UNITED STATES of America, ex rel. Maynard BERNARD, Appellant, v. CASINO MAGIC CORP., a Minnesota Corporation; Casino Magic American Corp., a Minnesota Corporation, Appellees.
United States of America, ex rel. Maynard Bernard, Appellee, v. Casino Magic Corp., a Minnesota Corporation; Casino Magic American Corp., a Minnesota Corporation, Appellants.
This is the second time this case has come before this court. The first time, the United States through its relator (collectively the United States or government) disputed the legality of contracts involving a casino project between the Sisseton-Wahpeton Sioux Tribe (the Tribe) and Casino Magic Corporation (Casino Magic). We declared the contracts illegal and remanded for a determination of damages. On summary judgment, the district court awarded the United States $350,000. Both parties now appeal this amount. We affirm in part and reverse in part.

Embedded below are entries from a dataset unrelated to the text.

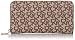 Produktbild DKNY Women's Bryant-New Zip Arou Bi-Fold Wallet, Chino/Caramel, One Size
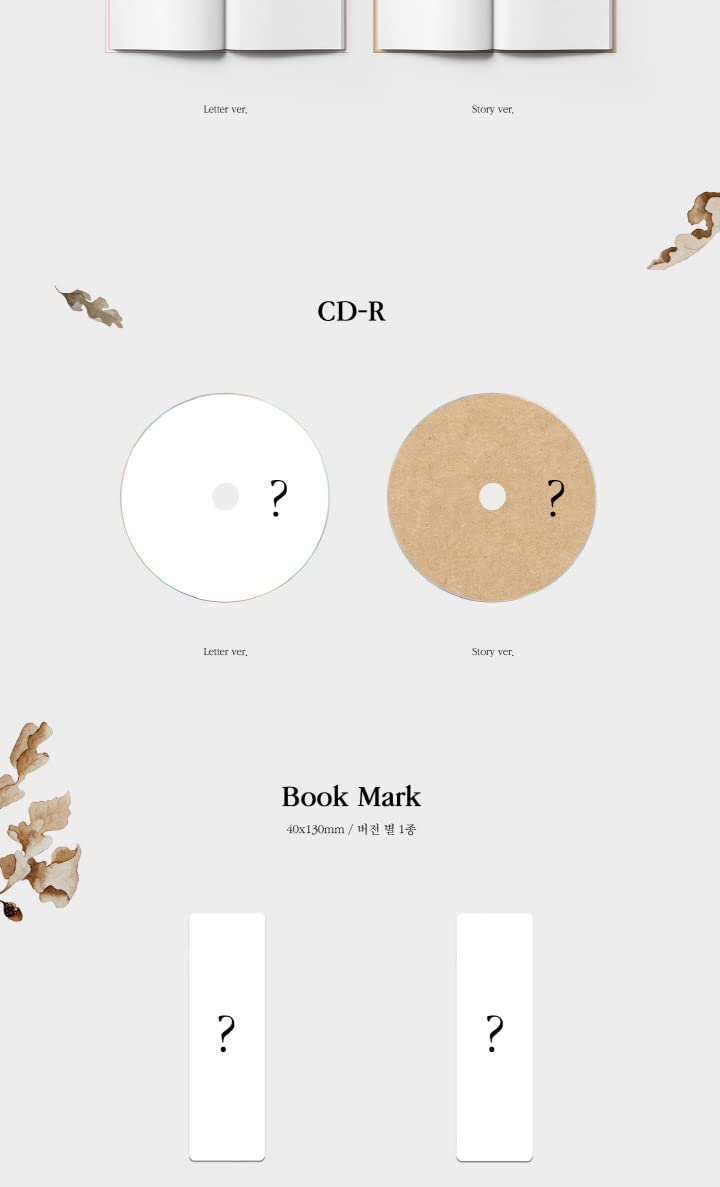 Super Junior Kyuhyun Love Story 4 Season Project GYE 4th Mini Album Random Version 108p Booklet+1p Bookmark+1p PhotoCard+Tracking Kpop Sealed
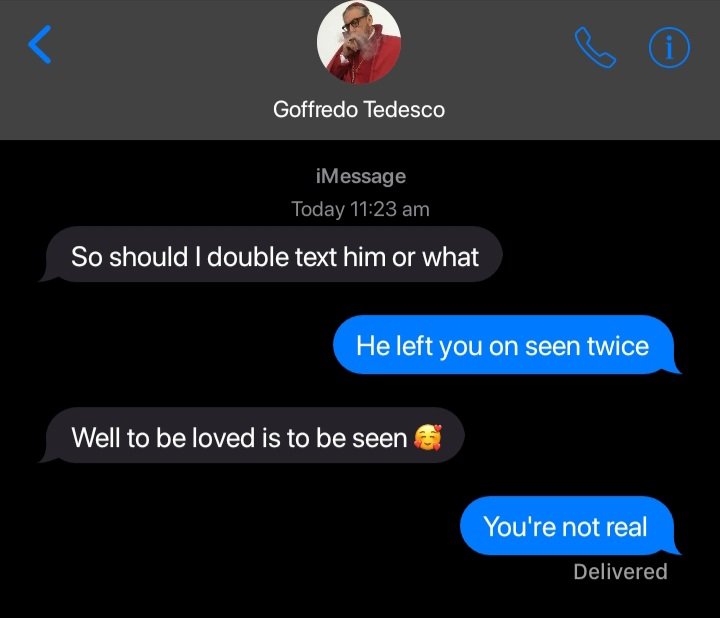 incorrect conclave tweet media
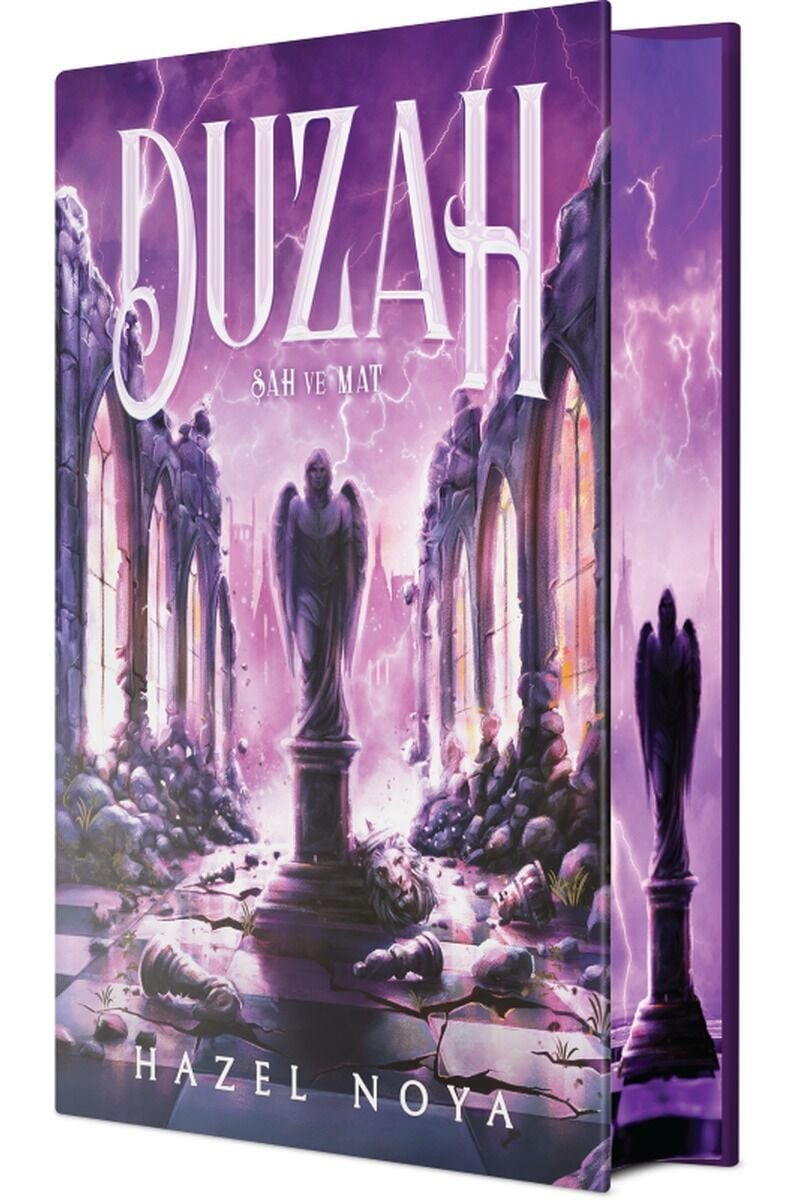 Duzah 3: Şah ve Mat-Yan Boyamalı, Clt - HAZEL NOYA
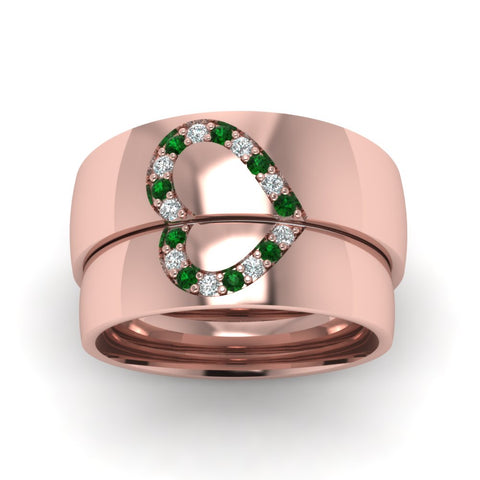 round-green-emerald-wedding-band-with-white-diamond-in-14K-rose-gold-FD1144BGEMGR-NL-RG.jpg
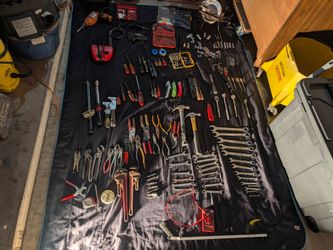 Large Mixed Hand Tool Lot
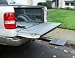 Receiver Hitch Pet Step Extension - for Pickups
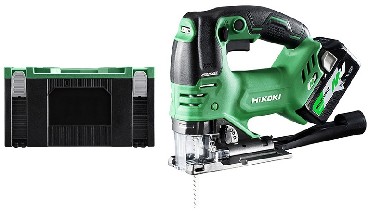 Wyrzynarka akumulatorowa HiKOKI (dawniej Hitachi) CJ36DA WRZ BRUSHLESS - 2 akumulatory MultiVolt 18-36V/5.0-2.5Ah + walizka HSC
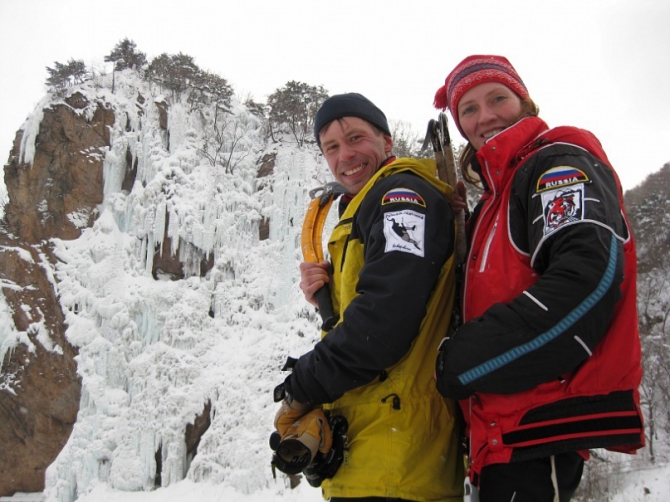 Похождения русских ледолазов в Корее (Ледолазание/drytoolling, корея, iceclimbing, сорак, товаг, товагсан, seoraksan, competition, гильдия ледолазов хабаровска, seoracsan)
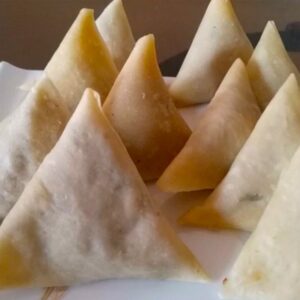 Frozen QEEMA SAMOSA 6 Pieces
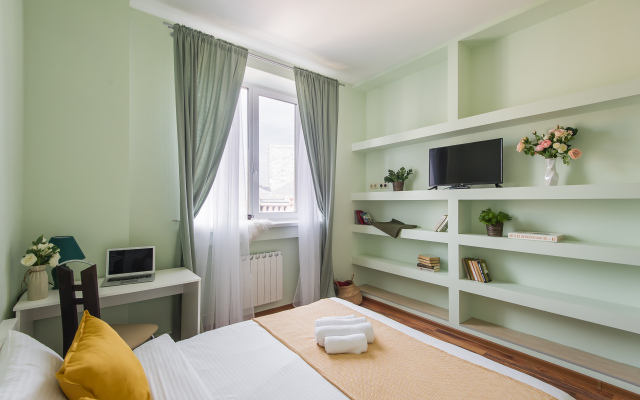 Квартира GM Apartments с Видом на Арбат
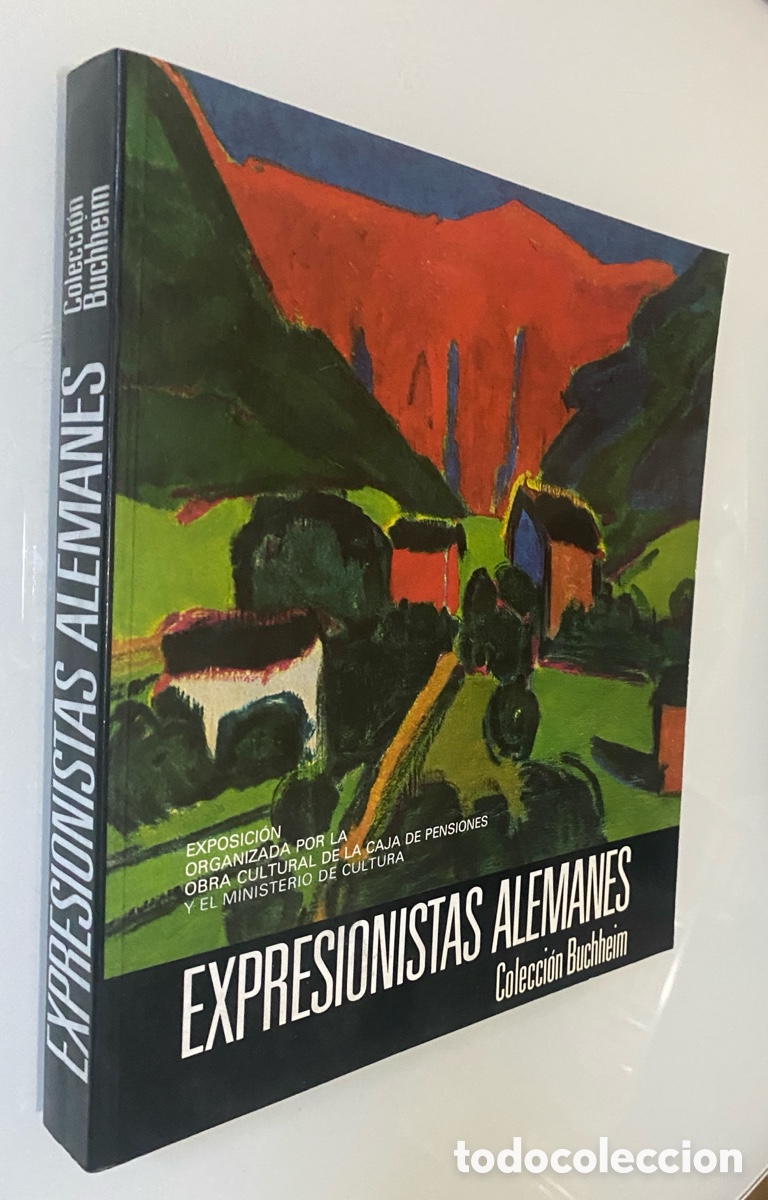 Libros de segunda mano: Expresionistas Alemanes (Colecci&oacute;n Buchheim) - VV.AA.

In 1993, the Tribe contacted Casino Magic to help in the process of developing a casino on the Tribe's land. The two parties entered into three agreements that defined their business relationship: the Consulting Agreement, the Construction and Term Loan Agreement, and the Participation Agreement. The first round of litigation centered on whether the three agreements, collectively, constituted a management agreement that required approval from the National Indian Gaming Commission (NIGC). United States ex rel. Bernard v. Casino Magic Corp., 293 F.3d 419 (8th Cir.2002) (Bernard I ). On appeal, we held that, taken together, the agreements did constitute a management agreement. Id. at 426. Since they were not approved by the NIGC, the agreements were invalid and the United States was entitled to recovery of any fees paid by the Tribe for services rendered under the invalid contracts. Given that the record did not contain any fee information, we remanded for a determination of “fees ․ paid by the Tribe to Casino Magic.” Id. at 427.
On remand, the district court awarded the United States $350,000. This amount reflected the Tribe's payments to Casino Magic pursuant to the terms of the Consulting Agreement. Both parties appeal the district court's determination. The United States maintains that it should have been awarded the following additional sums: the interest payments Casino Magic collected as a result of its construction loan to the Tribe; the origination fee on the same loan; the prepayment penalty fee the Tribe paid to Casino Magic; various indirect costs of the project that the Tribe reimbursed to Casino Magic; and prejudgment interest. Casino Magic, on the other hand, argues that because its out-of-pocket expenses on the casino project exceeded $350,000, the United States is not entitled to any payment.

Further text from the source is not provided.